Whatever governments were in office during this time are responsible for either (a) letting it happen; or (b) doing nothing to stop it. A third possibility is also in the cards: (c) fanning the flames to see municipal purses bulge. The three decades that brought us Vancouverism were filled by the din of cheer-leading from self-promoting public servants. This era in our region—when the cost of owning a home was pushed beyond the reach of the middle class—has put the knife to the throat of our democracy. If the bloodletting is allowed to continue, then Canada will join the ranks of the so-called ‘third world’.

Early in the 1990s a senior planning staffer put it to me this way: “We are not going to do the ‘New Urbanism’ in Vancouver”. Their reasons had nothing to do with ‘good’ urbanism, or invoking the local vernacular and regional values to further the traditions of place. They simply meant to service an exclusive flow of off-shore capital. City Halls all over the region switched to a profit model of operations. Soon the bottom line became fiat at council chambers both in Vancouver, and across the region. More than a decade earlier the vice president at Stevenson Construction, a locally owned construction company specializing in building high-rise in the central business district, had warned me that—for years already—all the money invested in Downtown Vancouver was “off-shore”. By which he meant Hong Kong. In the early 1990s Time magazine ran an article on Vancouver’s high rise boom titled “Hongcouver”. By transplanting an ‘architectural solution’ lifted straight from Hong Kong, Vancouverism was transmuting  social values from a place where our democratic and human rights do not exist. Then, as the 1990s drew to a close, and Hong Kong was swallowed up by Communist China. Capital in search of safe haven started pouring out in unprecedented quantities and Vnacouverism picked up speed. Disproportionate amounts of flight capital landed on our shores looking for ‘large Hong Kong-like’ investments. Distorting our real estate market and threatening our social balance, the mega projects began building en masse in “Hongcouver” because they were able to be managed top-down from “off-shore”.

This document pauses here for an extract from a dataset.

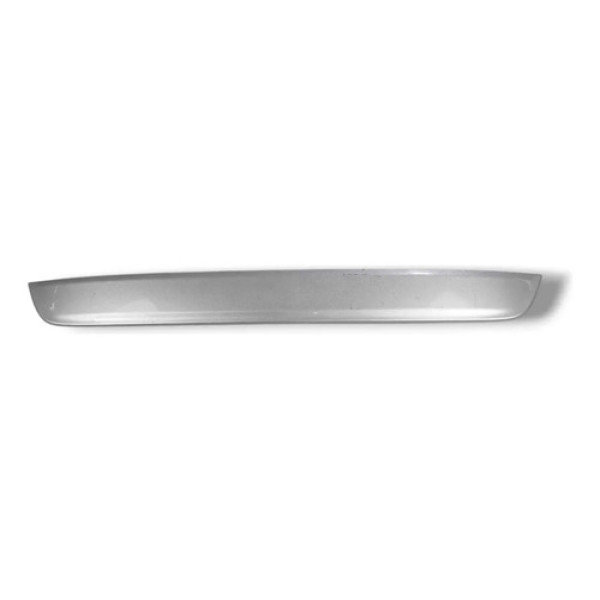 Moldura Puxador Luz Placa Nissan Kicks 16/22 908105rb0a Prata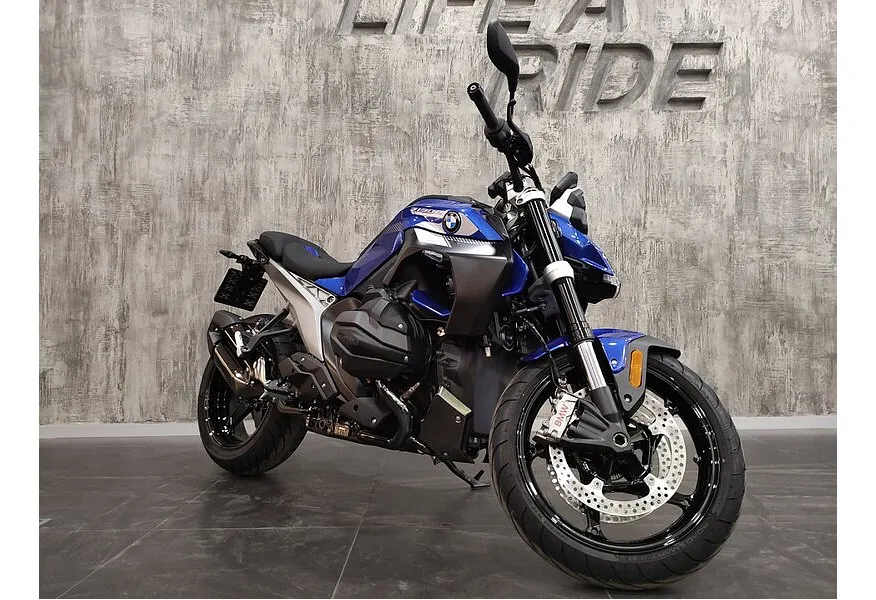 BMW Motorrad R 1300 R R 1300 R 1300 см³ (145 л.с.) (145) 1300 Синий в АВИЛОН. Слайд №2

Underperforming in both environmental and social functioning, the towers-and-skytrain have achieved spectacular results in only just one area: maximizing profits for a very specialized group of investors, their bankers and real estate agents. Campaign contributions from tower developers flowed like honey to secure the re-election of politicians who were unquestionably ‘pro’ development. At all levels of government elected officials sold Canada’s middle class to the highest bidder in the pursuit of a mean and short-sighted personal aim: re-election.

Not surprisingly, local governments aligned with the interests of off-shore capital and large, multinational corporations, shoving towers down the throats of neighborhood residents. Invoking the false mandate of eco-density, and claiming without proof that tower densities were necessary to ease global warming and climate change, the public sector has championed towers for 30 years. To keep us distracted they also championed bike lanes. As if riding bicycles in a mountainous, rainy region was a realistic option for anyone except those over 15 and under 30 years of age. Who can afford to arrive at work pouring sweat on the inside and drenched from rain on the outside? Certainly not Mayor and Council. Meanwhile, a low interest rate monetary policy has decimated savings income for the middle class; while the fiscal policy of ‘reducing government spending’ put an end to the practice of using government investment to shape growth. A Leviathan has been loosened that keeps building the train-in-the-sky, freeing up ground space so that we can  add more lanes to our streets and drive more cars.

In addition to triggering a devastating price inflation in the housing sector, the same provincial and local governments promoting the Vancoiuverism turned a blind eye to the human alienation in tower buildings, tower neighborhoods and the inner city. Then, as the towers began to leach out of the central business district into the rest of the of the city and the region, local neighbourhood groups rising to oppose the invasion of the off-shore capital were dealt with one at a time. Professional local government staff whose duty is to look after local interests, inverted the mission of their public service. Hand-in-hand with rising career aspirations of young bureaucrats eager to please, the ‘old guard’ were either let go or resigned in disgust.

Local government’s publicly funded propaganda machine was also turned against citizens as the process tipped in favor of an overseas elite with predictable results.

Social mixing is not visible in the tower projects failing to deliver affordable housing, livable streets and walkable neighborhoods. Home ownership—the hallmark of the Canadian middle class—has been commodified into holding chips in off-shore portfolios. These landlords put no eyes on the street, or shoe leather on the sidewalks as they collect rents from Canadian families no longer able to afford to own their own home sweet home.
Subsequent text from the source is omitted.